About this exercise »
Copy only the lines between the one containing "Mieszkanie 2 pokoi 72 m² Moskwa, Rosja" and the end of the records, both included, leaving out pictures.

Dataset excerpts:
····················

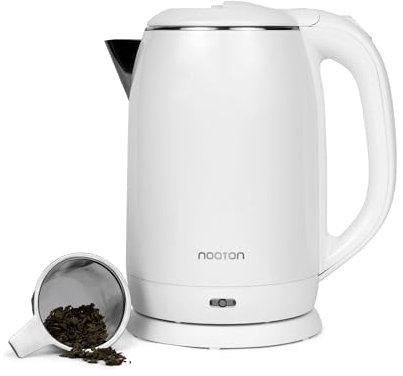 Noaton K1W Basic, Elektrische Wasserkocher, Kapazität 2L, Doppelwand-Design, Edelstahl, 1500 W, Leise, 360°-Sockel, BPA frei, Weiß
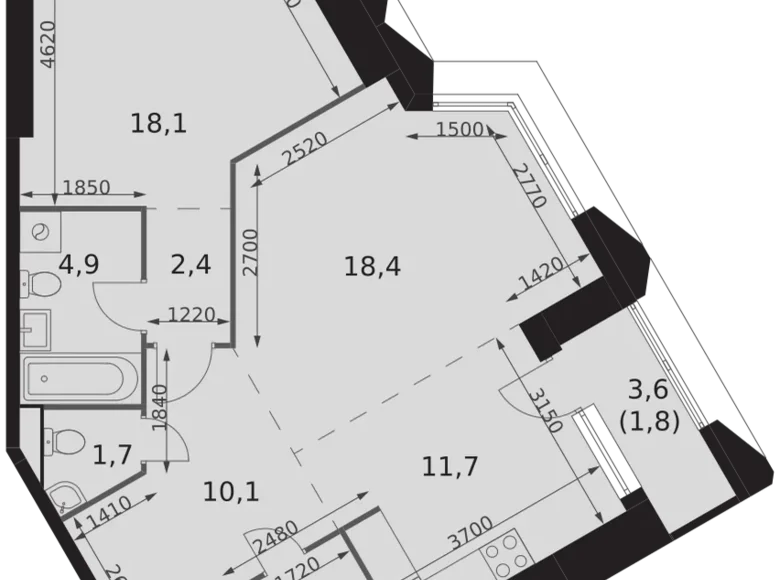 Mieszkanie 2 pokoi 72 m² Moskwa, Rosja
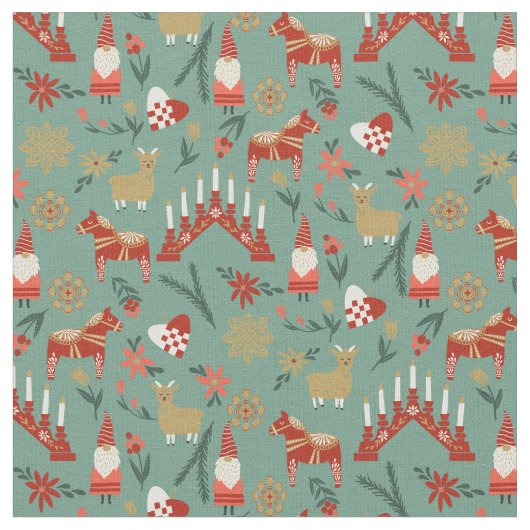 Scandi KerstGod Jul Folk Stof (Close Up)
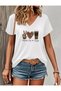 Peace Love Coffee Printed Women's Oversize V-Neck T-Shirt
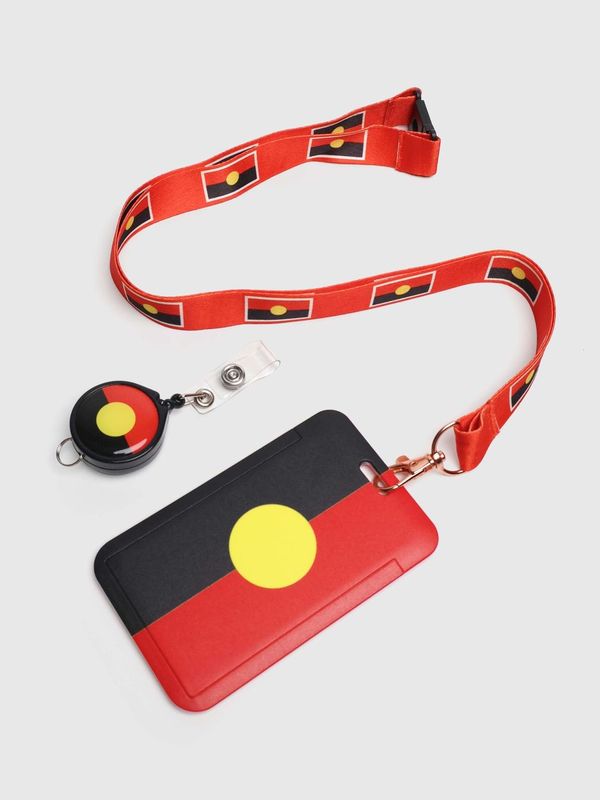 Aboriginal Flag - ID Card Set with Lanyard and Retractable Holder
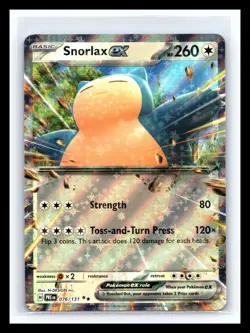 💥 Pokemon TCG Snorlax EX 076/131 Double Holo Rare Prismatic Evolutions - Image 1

····················

Solution »
 Mieszkanie 2 pokoi 72 m² Moskwa, Rosja
 Scandi KerstGod Jul Folk Stof (Close Up)
 Peace Love Coffee Printed Women's Oversize V-Neck T-Shirt
 Aboriginal Flag - ID Card Set with Lanyard and Retractable Holder
 💥 Pokemon TCG Snorlax EX 076/131 Double Holo Rare Prismatic Evolutions - Image 1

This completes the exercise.